▸ WORK ITEM
After locating the line that contains "Brand new kingsize bed", output that line and each one following it, exactly, to the end of the entries. No pictures.

── DATASET EXCERPTS ──

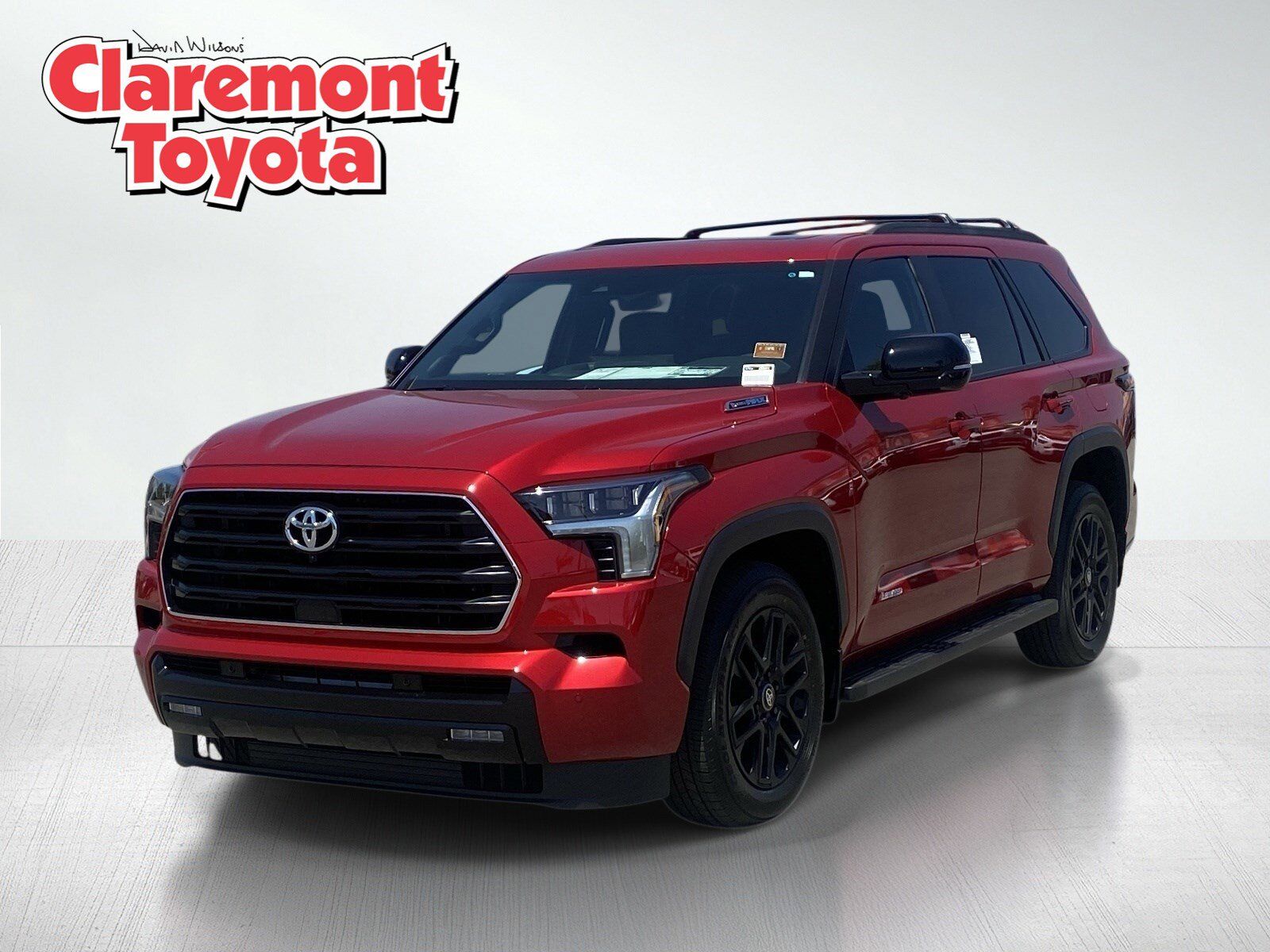 2026 TOYOTA Sequoia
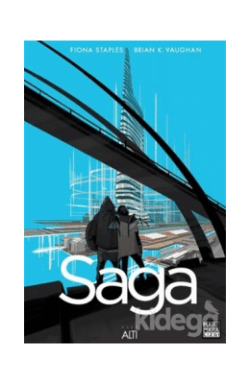 Saga - Cilt 6
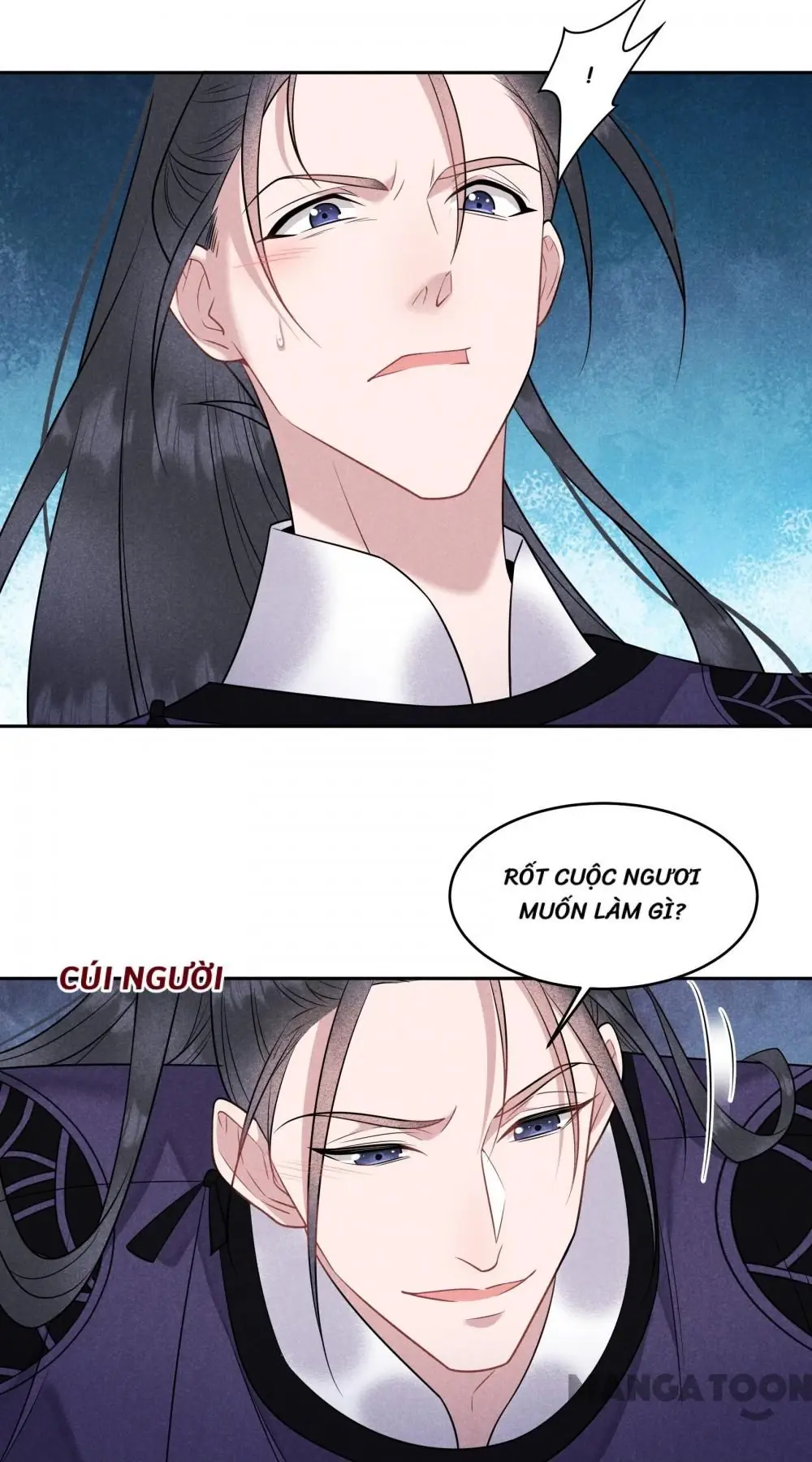 Trở Thành Nam Nhân Của Vương Chapter 145 - Trang 27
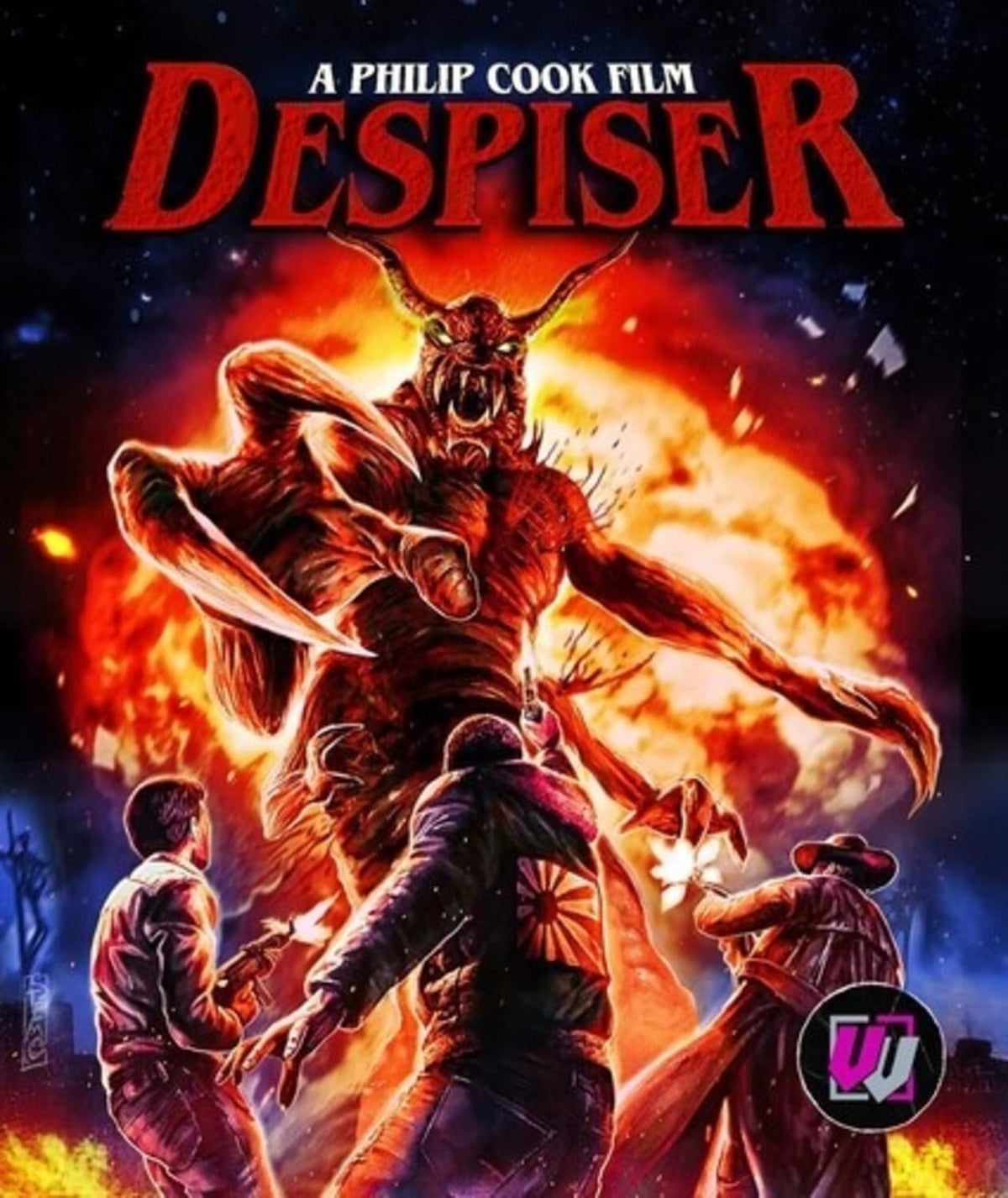 Despiser (Visual Vengeance Collector's Edition) - [Blu-ray]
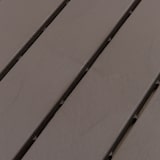 thumbnail of Outsunny Conjunto de 9 Estrados 30x30cm com Área de 0.81 m² Marrom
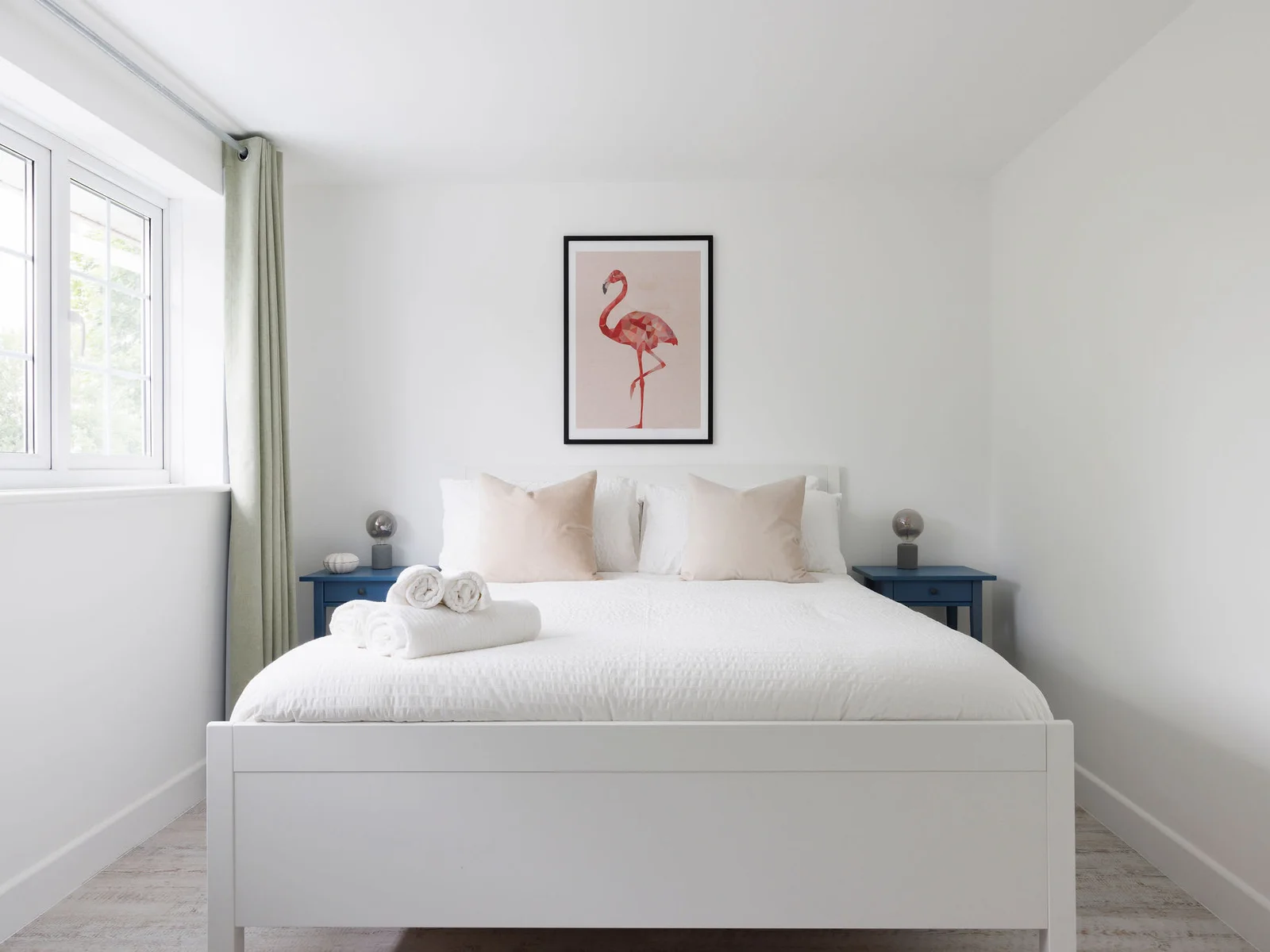 Brand new kingsize bed
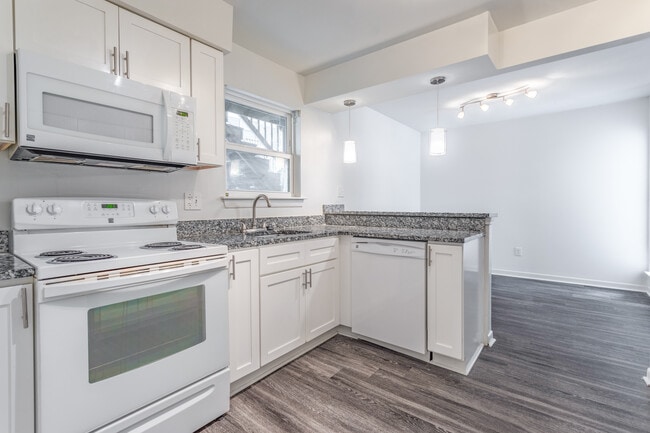 The Residences at Sonoma Woods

───

▸ TASK OUTPUT
 Brand new kingsize bed
 The Residences at Sonoma Woods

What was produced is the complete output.